**INSTRUCTIONS FOR THE TASK**
Without any pictures, print the lines below from the one that has "Hey everyone, welcome" through the one that has "And if you want, you", exactly and nothing else.

Stored items:
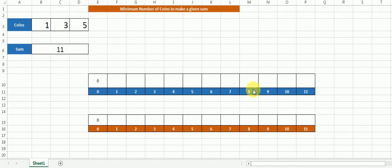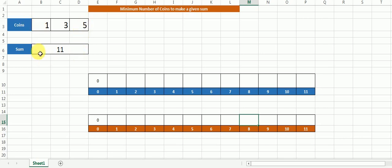Hi guys, welcome to this new video of my channel where I am going to solve the problem of finding the minimum number of coins to make a given sum. I have three coins in my collection — the denominations are 1, 3, and 5 — and importantly there is an infinite supply of these coins. The sum is 11 that we need to form, and we need to find out the minimum number of coins required to form this sum.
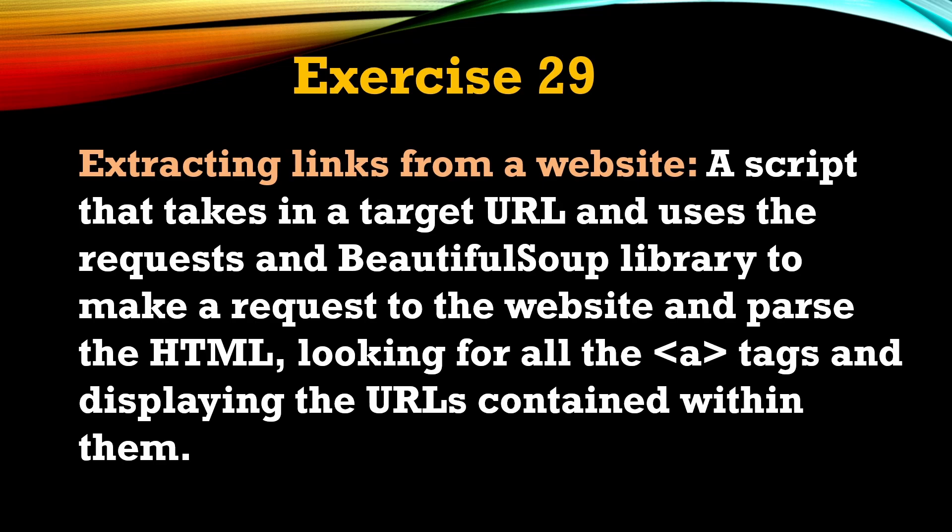Hey everyone, welcome back to Python for Beginner series, and this is going to be our video number 29. Here is our question: extracting links from a website. We are going to create a program that extracts links from a website.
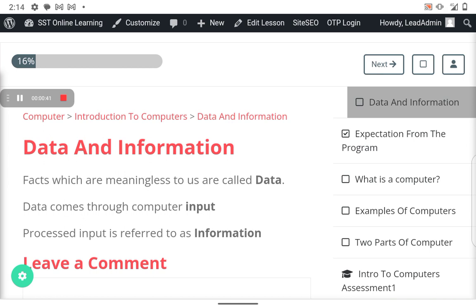So what is data and what is information? Data is the facts that don't make sense to us. For example, if you were given a lot of documents to process so that you can come up with one report, all those documents would just be data because that's not what you want, so they are meaningless.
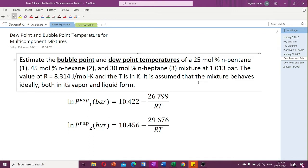The problem states that we need to estimate the bubble point and dew point temperatures for a mixture containing 25 mol% n-pentane, 45 mol% n-hexane, and 30 mol% n-heptane at 1.013 bar. The value of R is 8.314 and the temperature is in Kelvin. The assumption here is that we have an ideal mixture both in its vapor and liquid form.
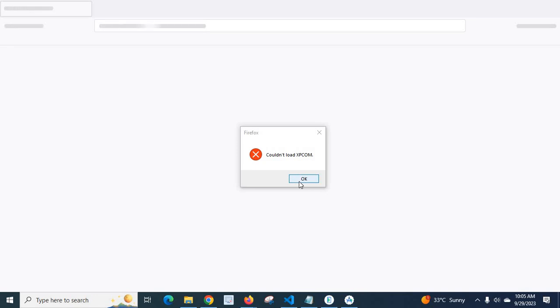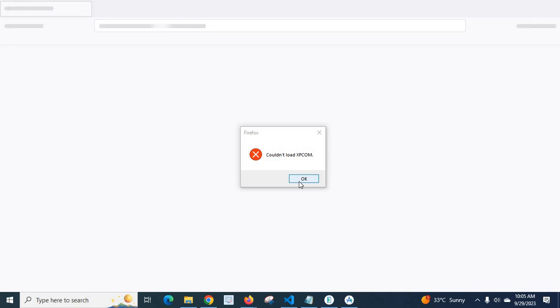As my research on solving this problem, I found that this error happens because of mixing of old Mozilla Firefox files and new version applications. So in order to fix this problem, the best way is to uninstall the old version and install the latest version.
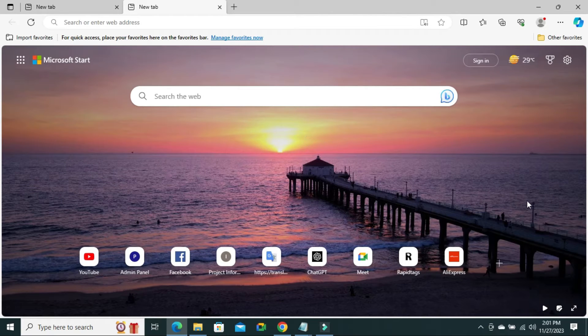And if you want, you can run the video image. Click on the Play video.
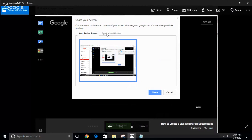Clicking the screen share icon gives you two tabs. I like to share my entire screen, but some people only want to share one application — like a PowerPoint — and nothing else. Keep in mind that sharing your entire screen will show your desktop background and all open windows, unless you maximize your windows. I've done that here so you won't see my wallpaper. Click your entire screen and click Share.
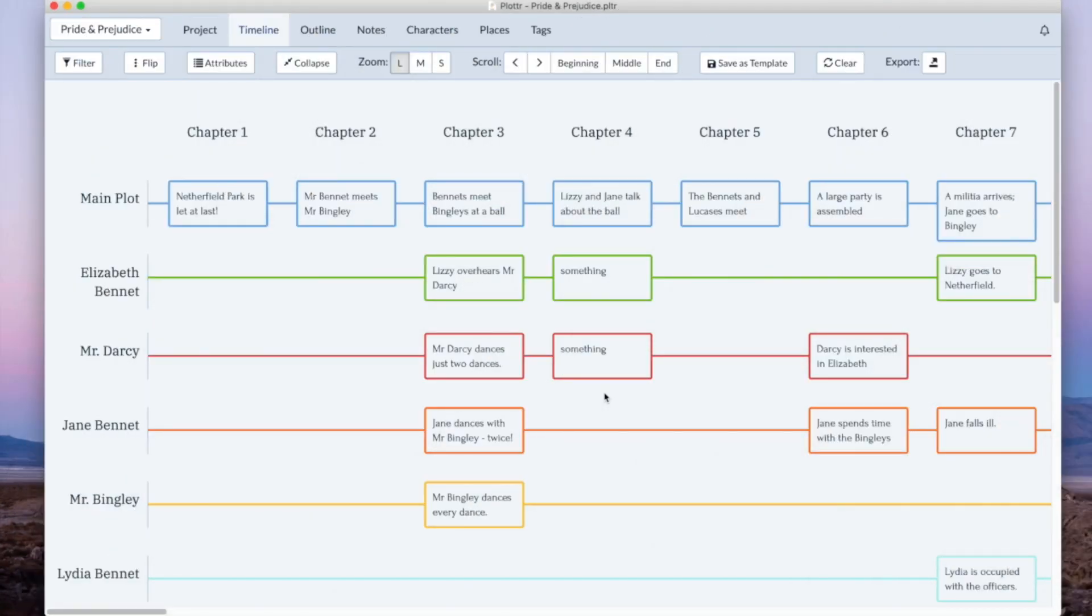There's a lot more improvements and updates that have gone into this version. I know this version of Plotter is going to make your life even easier and it's going to be even more fun to plot out your story.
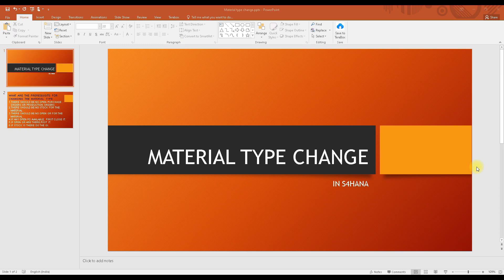Hi everyone, welcome to today's class. Today we are going to look into a topic which you might face in real-time working, or you might have questions about. Today's topic is material type change in S4 HANA.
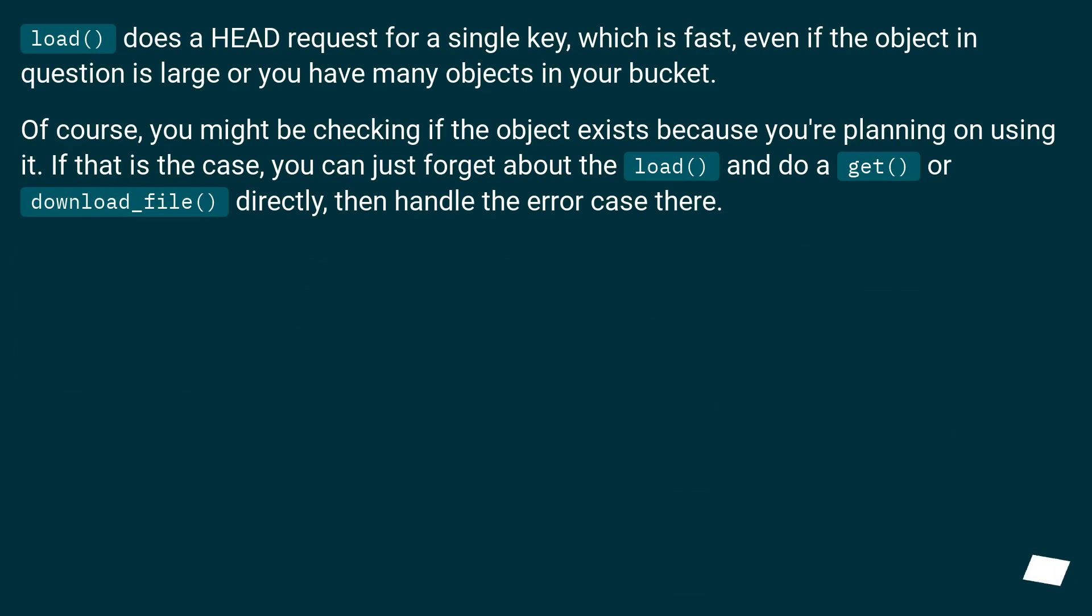load() does a HEAD request for a single key, which is fast, even if the object in question is large or you have many objects in your bucket.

**SOLUTION TO THIS PROBLEM**
Hey everyone, welcome back to Python for Beginner series, and this is going to be our video number 29. Here is our question: extracting links from a website. We are going to create a program that extracts links from a website.
So what is data and what is information? Data is the facts that don't make sense to us. For example, if you were given a lot of documents to process so that you can come up with one report, all those documents would just be data because that's not what you want, so they are meaningless.
The problem states that we need to estimate the bubble point and dew point temperatures for a mixture containing 25 mol% n-pentane, 45 mol% n-hexane, and 30 mol% n-heptane at 1.013 bar. The value of R is 8.314 and the temperature is in Kelvin. The assumption here is that we have an ideal mixture both in its vapor and liquid form.
As my research on solving this problem, I found that this error happens because of mixing of old Mozilla Firefox files and new version applications. So in order to fix this problem, the best way is to uninstall the old version and install the latest version.
And if you want, you can run the video image. Click on the Play video.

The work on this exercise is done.